Güneydoğulu yurttaşlarımız ne düşünürse düşünsün, halkımızın böylesine korkunç bir felakette sağladığı birlik umutlarımıza fer verdi. Başımızda hangi tufan eserse essin, bu coğrafyanın bağrında gelişen insan dokusuna dair umutlarımız yeniden yeşerdi. Aslında somut gerçeklikten hareket etmiyor, sezgilerimizin önderliğinde yol alıyorduk. Güç yetiremediklerimizi kabul edip kendi eylemlerimize odaklandık. Bu hâlimizi sükûnetle seyreden gökyüzü de ketumdu, eylemlerimizi alıp kabul ediyor fakat renk vermiyordu.
Ne olduysa Akşener’in tarihsel tekmesiyle oldu.
Aynaya pek bakmayan, olup biten her şeyi kaydetmeyen fakat aslında zannedildiği kadar da unutkan olmayan milletimiz sonunda kükredi. Bu kükreyiş hep özlediğimiz ve beklediğimizdi.
KHK zulmünde çıkmayan sesler, KHK’lı intiharlarından kıpırdanmayan vicdanlar artık harekete geçmişti.

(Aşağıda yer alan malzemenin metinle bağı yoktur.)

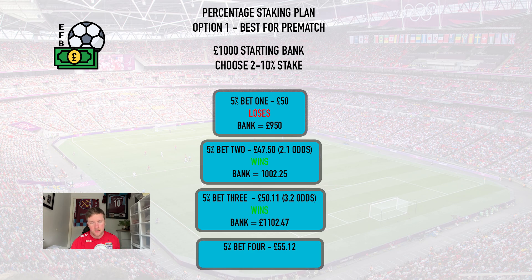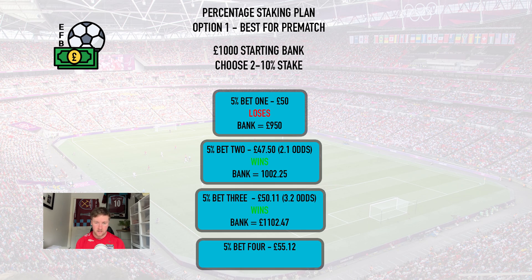So in this example let's say we're starting with a £1,000 bank. First of all you choose what stake percentage you want to use throughout — I'd recommend between two and ten percent, with ten percent being very high. I'd stick to around five percent. So five percent of £1,000 is £50, and that would be your first bet. Unfortunately this bet loses, so now your bank is £950. You take five percent of £950 for your next stake, which works out as £47.50.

Hep dediğimiz ancak pek çoğumuz tarafından pek de inanılmayan oldu: Siyasiler yirmi dört saatte derlenip toparlandı, milletin huzurunda edep ve saygıyla arz-ı endam etti.
Yedi yıldır zulüm çukurlarında inleyen yurttaşın sesi hiç duyulmamıştı, çünkü mazlum yeni darbeler yemekten korkmuş, cesaretle haykıramamıştı.
Fakat son umut halesini kaybetme noktasına gelindiğinde kitlesel bir haykırış patlak verdi. Bu haykırış kaybettiğimiz onurumuzu hepimize bulduracak kadar güçlüydü.
…
Şimdiden sonra korkma sırası zalimlerdedir.
Biz muhalif yurttaşlar ve ülkenin yeni yönetim erkine talip olan siyasiler artık korku zilletini aşmıştır.
Mevcut tabloya imzasını atan tek kalem vardır: Halk…
Hep olduğu gibi, halkın attığı imzanın üstünde başka bir imza yoktur ve halktan daha güçlü olmak imkansızdır.
“Bu makale yazarının görüşlerini yansıtır. Gazete Davul’un yayın politikası ve editoryal bakış açısı ile her zaman uyumlu olmak zorunda değildir.”